China urges U.S. to protect investor interests
STEVE CHIOTAKIS: The Chinese, as David mentioned, are watching this whole thing very, very closely. And China’s Foreign Ministry said today it’s hoping the U.S. will take a responsible attitude to protect investor interests.
Marketplace’s China Bureau Chief Rob Schmitz reports.
ROB SCHMITZ: China’s been buying America for years. It now owns more than ten percent of United States’ outstanding debt, says Stephen Green, an economist with Standard Chartered.
STEPHEN GREEN: So China is clearly not interested in the U.S. defaulting, or getting anywhere near defaulting.
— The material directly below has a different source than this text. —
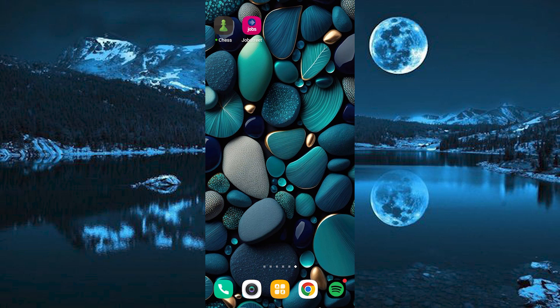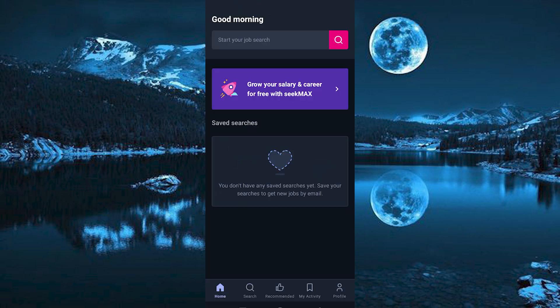Now go ahead and tap on the app to open it. You will be brought to this home page. We have all these five options right here below: Home, Search, Recommended, My Activity, and Profile.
Because that means China, won’t get paid. It’s not just U.S. debt that China is worried about. It’s U.S. growth, too. The Federal Reserve is thinking about buying up government bonds again to pump life into the U.S economy, it’s known as ‘quantitative easing.’
A Chinese government economist said that’s a bad idea. It would bring down the value of the dollar, and that would drive up the price of iron ore and other commodities and that would make it more expensive for China to grow. But at the same time, says Green, China’s stuck. Its economy is so tied up in the U.S. economy that it needs the U.S. to keep growing.
GREEN: What does china want? Does it want quantitative easing to end and the economy to slow down? Or does it want growth?
What’s clear is in the coming weeks, Beijing will join millions of Americans in keeping a close eye on what happens on Capitol Hill.
In Shanghai, I’m Rob Schmitz, for Marketplace.